_Dataset excerpt:_
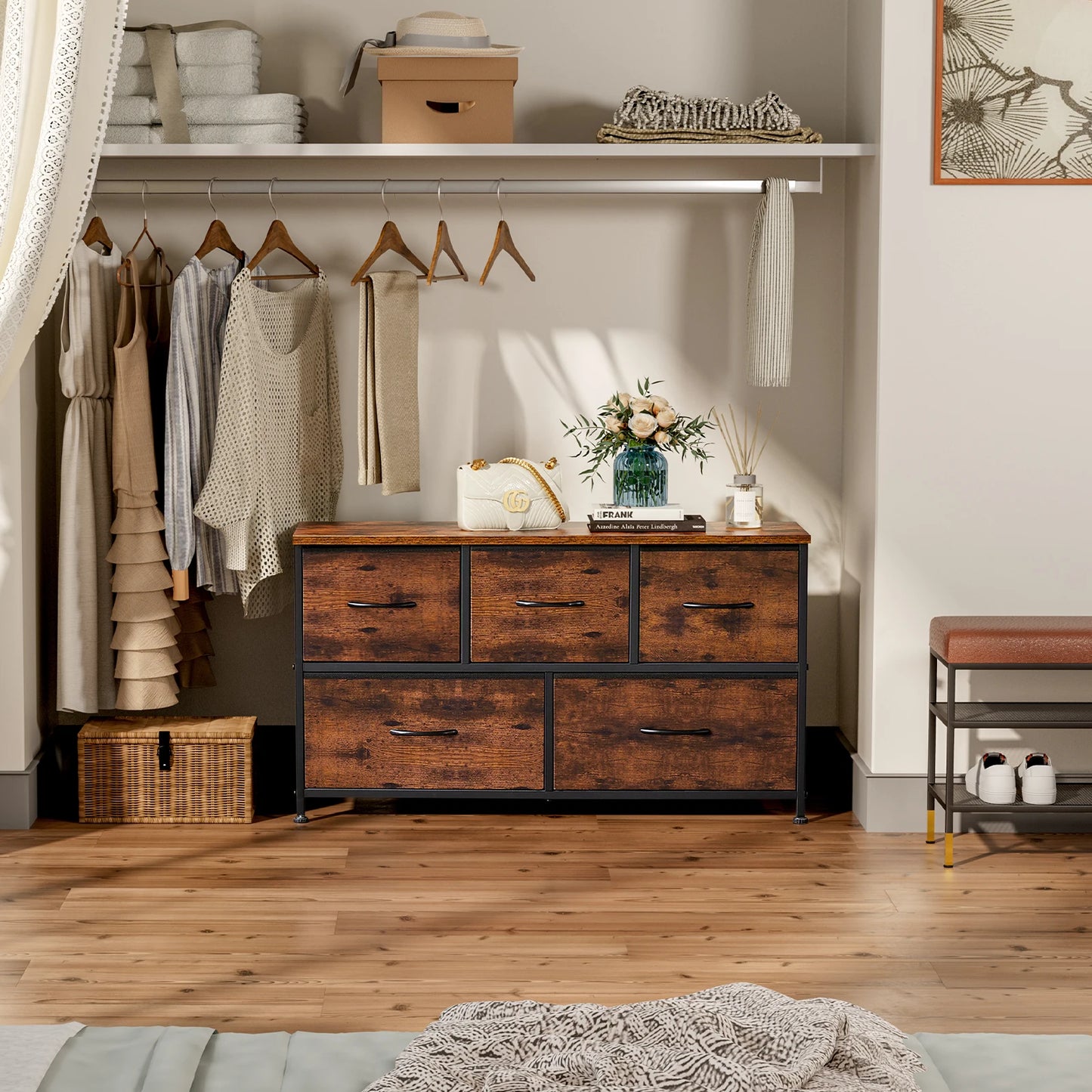 Modern 5-Drawer Storage Cabinet with Wood Top & Metal Frame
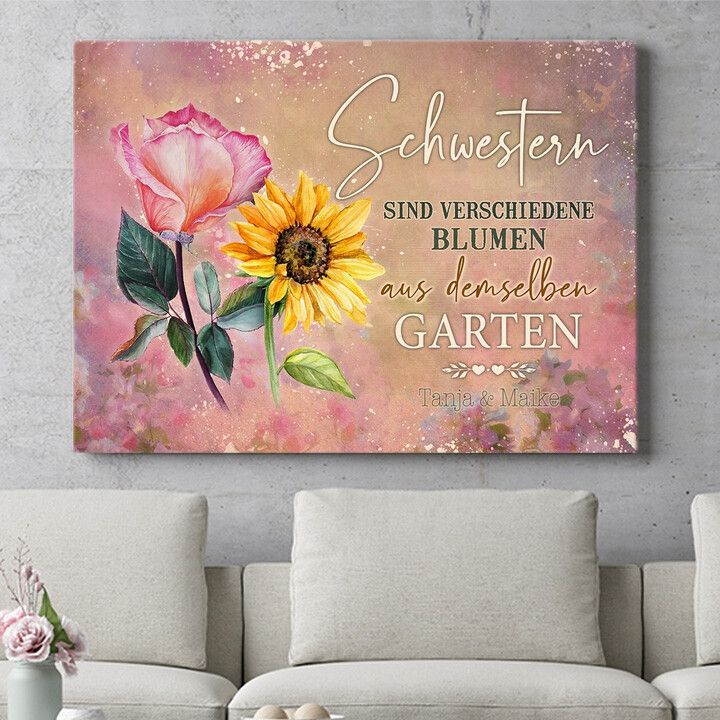 Personalisiertes Wandbild Blumenschwestern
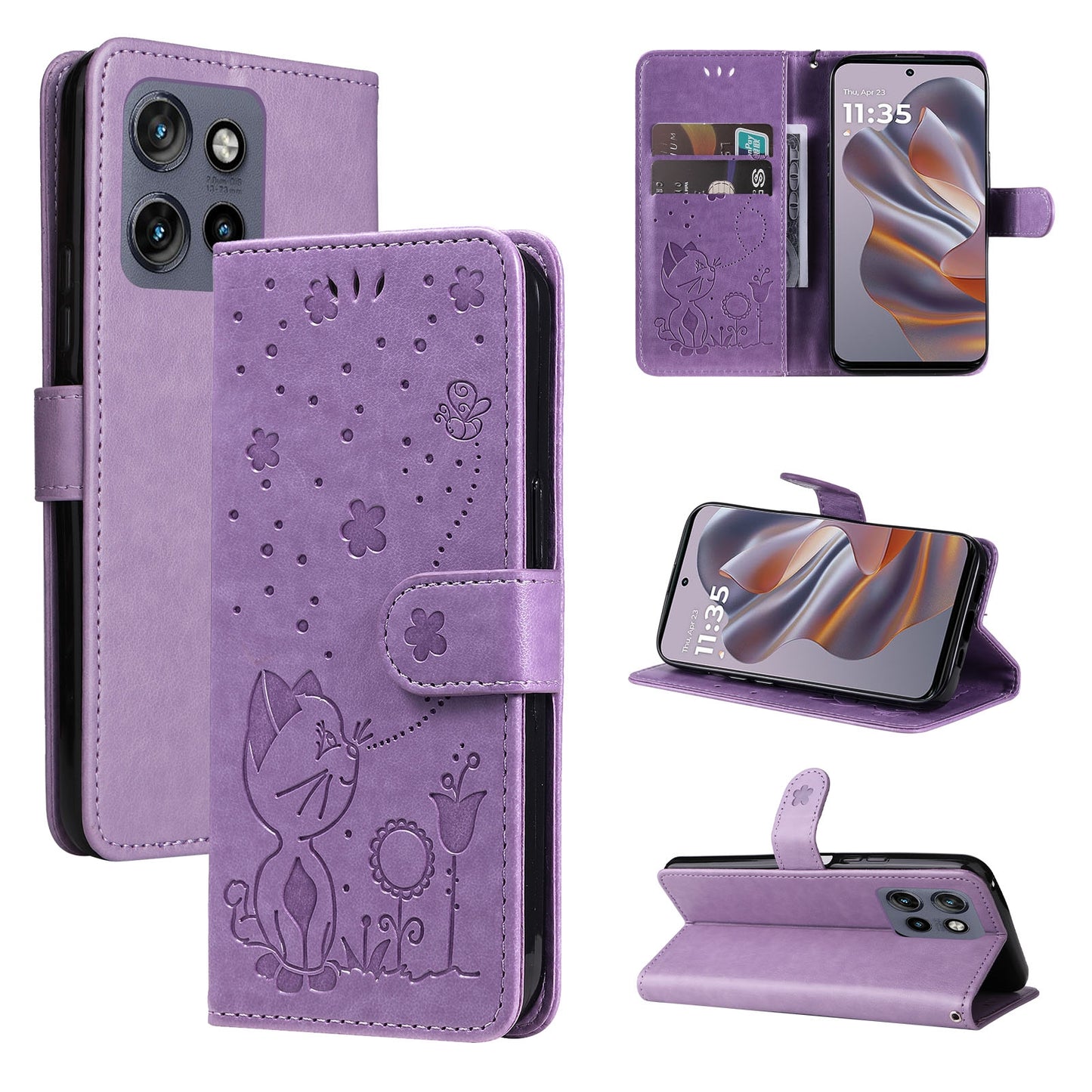 For Motorola Edge 50 Neo Cat and Bee Embossed Flip Leather Phone Case Wallet Cover with Card Slots Cash Pocket Magnetic Stand Protective Shockproof TPU PU Leather Case with Wrist Strap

_Your instructions:_ Return the complete data unchanged and include none of the pictures.

_Result of the exercise:_
 Modern 5-Drawer Storage Cabinet with Wood Top & Metal Frame
 Personalisiertes Wandbild Blumenschwestern
 For Motorola Edge 50 Neo Cat and Bee Embossed Flip Leather Phone Case Wallet Cover with Card Slots Cash Pocket Magnetic Stand Protective Shockproof TPU PU Leather Case with Wrist Strap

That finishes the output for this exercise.